Decline of the critic

Tom Sutcliffe considers the appointment of a new theatre critic at The Times and what it may show about the continuing amateurisation of culture in this country

With the purchase of the television station Five by Richard Desmond, owner of the Daily Express, Big Brother may return to the nation’s screens. We have certainly come a long way in terms of taste and cultural aspiration since the days of Armchair Theatre on the BBC. In the 1950s and early 1960s it was assumed that plays and theatre would find a permanent thriving home on television. That was one reason so little effort was made to sustain provincial repertory ensembles – which are the norm in German theatre but virtually unknown in the English-speaking world. Today, there may be lots of drama on telly, especially series about crime or the clergy, but there are no plays (though, happily, the radio play has survived, stimulated by the limitations of a non-visual form).

Celebrity critics

Meanwhile at The Times, Benedict Nightingale has retired as chief theatre critic and been replaced by Libby Purves, who says that she enjoys going to the theatre and has tried to see what she can over the years – but who has certainly not got much to offer in the way of experience as a critic, or thinker about the theatre and actors and plays and theatrical interpretation. Does it matter that she has no professional memory, no reputation for astute or outrageous judgement, no relevant expertise?

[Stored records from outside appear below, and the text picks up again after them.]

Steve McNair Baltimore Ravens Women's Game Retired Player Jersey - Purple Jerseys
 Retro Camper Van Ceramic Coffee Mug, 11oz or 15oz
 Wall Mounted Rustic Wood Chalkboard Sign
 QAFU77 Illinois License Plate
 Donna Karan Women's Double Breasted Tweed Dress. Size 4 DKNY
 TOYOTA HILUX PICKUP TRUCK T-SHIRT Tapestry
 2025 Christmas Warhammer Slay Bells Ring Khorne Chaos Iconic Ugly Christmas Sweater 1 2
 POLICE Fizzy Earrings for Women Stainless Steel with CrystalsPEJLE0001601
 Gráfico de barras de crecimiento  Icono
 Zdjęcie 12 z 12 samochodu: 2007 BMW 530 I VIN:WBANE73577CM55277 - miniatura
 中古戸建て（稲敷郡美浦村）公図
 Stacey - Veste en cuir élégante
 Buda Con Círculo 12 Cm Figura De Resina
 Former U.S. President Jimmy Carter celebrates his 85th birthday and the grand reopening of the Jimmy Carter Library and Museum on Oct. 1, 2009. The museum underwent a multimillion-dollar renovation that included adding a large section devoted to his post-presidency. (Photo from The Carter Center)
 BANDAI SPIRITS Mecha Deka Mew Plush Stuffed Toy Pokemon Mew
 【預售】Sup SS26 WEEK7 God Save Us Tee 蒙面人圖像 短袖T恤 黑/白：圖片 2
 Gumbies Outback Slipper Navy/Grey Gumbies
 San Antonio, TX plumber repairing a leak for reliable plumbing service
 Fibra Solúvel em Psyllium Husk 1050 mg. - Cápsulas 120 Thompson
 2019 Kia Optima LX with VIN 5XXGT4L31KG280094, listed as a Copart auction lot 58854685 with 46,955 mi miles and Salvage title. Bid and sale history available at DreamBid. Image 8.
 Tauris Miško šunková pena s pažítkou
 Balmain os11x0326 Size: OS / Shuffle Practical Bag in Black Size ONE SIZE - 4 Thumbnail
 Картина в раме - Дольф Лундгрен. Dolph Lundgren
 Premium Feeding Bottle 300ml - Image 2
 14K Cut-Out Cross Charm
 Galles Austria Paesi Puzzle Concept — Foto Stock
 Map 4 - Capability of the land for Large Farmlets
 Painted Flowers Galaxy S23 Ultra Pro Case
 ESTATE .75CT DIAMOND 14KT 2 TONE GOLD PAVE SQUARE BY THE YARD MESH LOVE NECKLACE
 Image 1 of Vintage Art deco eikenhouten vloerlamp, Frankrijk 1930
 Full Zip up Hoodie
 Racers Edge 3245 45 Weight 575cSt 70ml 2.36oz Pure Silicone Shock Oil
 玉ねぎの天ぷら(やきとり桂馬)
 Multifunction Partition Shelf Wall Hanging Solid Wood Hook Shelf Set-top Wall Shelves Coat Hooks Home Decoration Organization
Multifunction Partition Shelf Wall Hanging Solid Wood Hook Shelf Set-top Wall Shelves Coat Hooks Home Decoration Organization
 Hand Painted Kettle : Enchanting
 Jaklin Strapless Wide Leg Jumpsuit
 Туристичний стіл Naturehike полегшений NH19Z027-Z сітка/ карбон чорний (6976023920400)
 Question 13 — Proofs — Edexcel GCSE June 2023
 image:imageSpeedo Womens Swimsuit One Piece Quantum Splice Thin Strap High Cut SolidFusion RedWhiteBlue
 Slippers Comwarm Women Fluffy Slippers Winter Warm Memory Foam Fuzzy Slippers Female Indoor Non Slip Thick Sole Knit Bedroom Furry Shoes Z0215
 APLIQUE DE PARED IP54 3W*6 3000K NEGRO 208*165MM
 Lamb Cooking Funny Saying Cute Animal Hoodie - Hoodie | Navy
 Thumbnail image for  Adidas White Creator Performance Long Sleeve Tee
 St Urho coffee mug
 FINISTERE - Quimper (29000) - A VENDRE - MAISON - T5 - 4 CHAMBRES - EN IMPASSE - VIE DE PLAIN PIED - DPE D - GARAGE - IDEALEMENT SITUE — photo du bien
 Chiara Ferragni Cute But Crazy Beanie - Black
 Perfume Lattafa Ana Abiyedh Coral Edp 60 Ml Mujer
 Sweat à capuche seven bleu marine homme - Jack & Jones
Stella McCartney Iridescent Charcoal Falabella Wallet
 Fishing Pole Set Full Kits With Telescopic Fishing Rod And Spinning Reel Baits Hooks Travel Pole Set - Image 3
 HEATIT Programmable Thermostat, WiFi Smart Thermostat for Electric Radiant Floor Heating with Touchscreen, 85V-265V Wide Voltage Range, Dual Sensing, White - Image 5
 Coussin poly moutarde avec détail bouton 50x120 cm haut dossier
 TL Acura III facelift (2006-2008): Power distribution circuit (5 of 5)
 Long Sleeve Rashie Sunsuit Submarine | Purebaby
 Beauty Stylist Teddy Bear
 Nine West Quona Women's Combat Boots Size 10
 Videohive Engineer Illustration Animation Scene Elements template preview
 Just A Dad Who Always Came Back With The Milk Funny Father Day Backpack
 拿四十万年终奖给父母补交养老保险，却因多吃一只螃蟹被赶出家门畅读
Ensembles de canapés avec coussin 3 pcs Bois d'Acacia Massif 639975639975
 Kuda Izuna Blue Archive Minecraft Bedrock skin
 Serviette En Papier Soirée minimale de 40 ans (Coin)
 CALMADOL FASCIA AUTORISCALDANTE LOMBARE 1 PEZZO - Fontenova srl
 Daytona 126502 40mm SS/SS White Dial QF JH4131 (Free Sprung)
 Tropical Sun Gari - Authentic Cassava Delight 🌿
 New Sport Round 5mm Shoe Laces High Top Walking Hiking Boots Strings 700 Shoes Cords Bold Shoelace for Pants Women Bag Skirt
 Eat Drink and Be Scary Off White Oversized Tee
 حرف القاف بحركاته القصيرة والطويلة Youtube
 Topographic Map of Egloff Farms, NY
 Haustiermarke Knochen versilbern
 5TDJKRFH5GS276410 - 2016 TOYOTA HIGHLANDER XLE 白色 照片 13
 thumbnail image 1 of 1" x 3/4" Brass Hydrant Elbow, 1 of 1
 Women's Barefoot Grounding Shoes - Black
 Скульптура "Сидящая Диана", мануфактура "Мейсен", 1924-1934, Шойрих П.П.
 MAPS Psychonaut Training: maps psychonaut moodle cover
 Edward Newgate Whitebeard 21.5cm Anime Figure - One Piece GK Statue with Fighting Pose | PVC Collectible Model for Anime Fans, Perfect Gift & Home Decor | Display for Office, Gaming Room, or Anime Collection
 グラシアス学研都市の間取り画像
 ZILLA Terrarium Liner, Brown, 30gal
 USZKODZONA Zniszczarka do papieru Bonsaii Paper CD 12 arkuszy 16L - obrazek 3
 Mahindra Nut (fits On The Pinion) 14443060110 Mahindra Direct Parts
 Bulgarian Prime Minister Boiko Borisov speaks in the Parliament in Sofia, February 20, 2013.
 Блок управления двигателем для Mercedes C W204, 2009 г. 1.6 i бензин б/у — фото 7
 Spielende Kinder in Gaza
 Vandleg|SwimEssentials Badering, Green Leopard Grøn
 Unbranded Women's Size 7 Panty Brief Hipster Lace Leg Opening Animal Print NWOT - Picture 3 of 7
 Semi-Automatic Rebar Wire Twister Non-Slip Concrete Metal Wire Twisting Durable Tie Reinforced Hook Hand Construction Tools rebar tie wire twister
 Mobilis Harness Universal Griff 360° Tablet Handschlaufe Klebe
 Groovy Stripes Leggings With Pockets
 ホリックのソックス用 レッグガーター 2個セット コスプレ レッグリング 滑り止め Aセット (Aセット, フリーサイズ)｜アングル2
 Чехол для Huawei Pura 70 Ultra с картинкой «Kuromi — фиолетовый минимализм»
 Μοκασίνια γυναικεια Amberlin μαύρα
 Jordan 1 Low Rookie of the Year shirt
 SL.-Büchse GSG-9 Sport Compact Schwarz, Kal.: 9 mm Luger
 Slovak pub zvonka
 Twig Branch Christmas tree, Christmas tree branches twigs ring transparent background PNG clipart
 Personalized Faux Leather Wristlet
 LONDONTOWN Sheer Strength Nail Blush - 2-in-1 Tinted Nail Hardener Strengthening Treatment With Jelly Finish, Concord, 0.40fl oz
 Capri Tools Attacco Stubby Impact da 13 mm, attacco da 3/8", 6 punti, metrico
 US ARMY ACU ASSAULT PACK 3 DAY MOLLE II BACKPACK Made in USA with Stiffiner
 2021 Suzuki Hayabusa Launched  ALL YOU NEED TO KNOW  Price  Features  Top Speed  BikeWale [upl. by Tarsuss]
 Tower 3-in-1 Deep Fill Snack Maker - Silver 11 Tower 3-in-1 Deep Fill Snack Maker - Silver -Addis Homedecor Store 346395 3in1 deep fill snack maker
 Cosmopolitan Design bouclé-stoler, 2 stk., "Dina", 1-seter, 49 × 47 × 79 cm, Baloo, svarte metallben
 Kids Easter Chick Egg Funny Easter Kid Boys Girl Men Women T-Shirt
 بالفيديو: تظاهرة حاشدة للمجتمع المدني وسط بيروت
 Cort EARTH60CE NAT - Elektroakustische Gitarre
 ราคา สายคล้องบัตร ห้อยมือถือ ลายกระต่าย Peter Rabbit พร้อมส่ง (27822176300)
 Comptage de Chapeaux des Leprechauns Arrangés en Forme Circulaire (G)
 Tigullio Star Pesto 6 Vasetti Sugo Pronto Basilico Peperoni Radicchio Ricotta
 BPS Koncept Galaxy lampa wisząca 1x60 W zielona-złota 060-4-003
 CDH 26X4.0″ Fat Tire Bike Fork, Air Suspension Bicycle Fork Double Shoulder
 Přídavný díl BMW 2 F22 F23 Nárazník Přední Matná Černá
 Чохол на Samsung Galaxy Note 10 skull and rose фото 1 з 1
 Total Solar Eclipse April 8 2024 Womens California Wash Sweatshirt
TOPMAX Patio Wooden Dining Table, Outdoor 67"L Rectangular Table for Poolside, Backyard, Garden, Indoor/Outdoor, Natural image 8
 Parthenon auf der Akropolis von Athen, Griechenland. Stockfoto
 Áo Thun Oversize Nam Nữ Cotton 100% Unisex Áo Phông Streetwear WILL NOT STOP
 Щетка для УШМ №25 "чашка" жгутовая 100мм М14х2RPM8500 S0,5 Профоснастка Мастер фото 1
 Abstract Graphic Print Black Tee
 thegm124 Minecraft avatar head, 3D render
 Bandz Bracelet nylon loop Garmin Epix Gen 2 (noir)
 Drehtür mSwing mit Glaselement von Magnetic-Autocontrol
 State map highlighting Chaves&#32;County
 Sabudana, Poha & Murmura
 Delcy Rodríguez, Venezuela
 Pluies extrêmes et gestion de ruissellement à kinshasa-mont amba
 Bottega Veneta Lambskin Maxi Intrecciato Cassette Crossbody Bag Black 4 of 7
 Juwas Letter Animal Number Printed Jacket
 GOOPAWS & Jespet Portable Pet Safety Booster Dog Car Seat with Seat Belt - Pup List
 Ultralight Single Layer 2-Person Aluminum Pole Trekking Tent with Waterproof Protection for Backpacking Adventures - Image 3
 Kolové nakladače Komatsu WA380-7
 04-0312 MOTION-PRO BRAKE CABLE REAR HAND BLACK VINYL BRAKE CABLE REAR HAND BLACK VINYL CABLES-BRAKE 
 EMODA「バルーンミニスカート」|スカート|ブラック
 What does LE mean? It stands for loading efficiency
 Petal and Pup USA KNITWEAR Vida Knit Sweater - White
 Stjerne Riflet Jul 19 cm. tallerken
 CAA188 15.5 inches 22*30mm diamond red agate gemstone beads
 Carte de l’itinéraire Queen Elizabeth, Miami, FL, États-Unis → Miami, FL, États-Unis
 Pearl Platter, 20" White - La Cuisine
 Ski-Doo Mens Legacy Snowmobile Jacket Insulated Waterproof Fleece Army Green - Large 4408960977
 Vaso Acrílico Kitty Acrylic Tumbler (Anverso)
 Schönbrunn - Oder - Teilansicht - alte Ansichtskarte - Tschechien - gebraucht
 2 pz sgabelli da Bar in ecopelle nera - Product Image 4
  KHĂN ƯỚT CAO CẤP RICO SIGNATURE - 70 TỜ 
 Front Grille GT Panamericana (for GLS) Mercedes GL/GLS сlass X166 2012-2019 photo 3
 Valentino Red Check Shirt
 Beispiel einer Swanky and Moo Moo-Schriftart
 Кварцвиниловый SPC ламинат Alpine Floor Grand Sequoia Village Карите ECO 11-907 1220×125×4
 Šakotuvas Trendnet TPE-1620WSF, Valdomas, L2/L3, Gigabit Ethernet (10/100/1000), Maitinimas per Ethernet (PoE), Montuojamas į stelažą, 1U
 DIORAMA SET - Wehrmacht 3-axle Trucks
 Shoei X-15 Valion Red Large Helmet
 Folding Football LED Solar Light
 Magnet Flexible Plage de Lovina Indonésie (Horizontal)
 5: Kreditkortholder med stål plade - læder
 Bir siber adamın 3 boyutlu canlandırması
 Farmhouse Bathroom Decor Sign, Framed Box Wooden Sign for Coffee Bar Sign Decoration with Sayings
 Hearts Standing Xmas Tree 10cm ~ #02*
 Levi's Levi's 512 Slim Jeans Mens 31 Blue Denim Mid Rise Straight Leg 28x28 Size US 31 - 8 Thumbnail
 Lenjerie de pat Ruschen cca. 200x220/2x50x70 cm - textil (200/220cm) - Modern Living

She’s a name, and rather a good broadcaster and anchor on discussion programmes. This could even be a sign that theatre criticism is being taken more seriously by the Murdoch flagship. Not long ago television reviewing was seen as a prime columnist’s slot, where topics would be discussed that everybody was assumed to be interested in because they had all been watching the same programmes. The plethora of channels on telly means that the mass audience is only there for football, elections and nationally significant moments.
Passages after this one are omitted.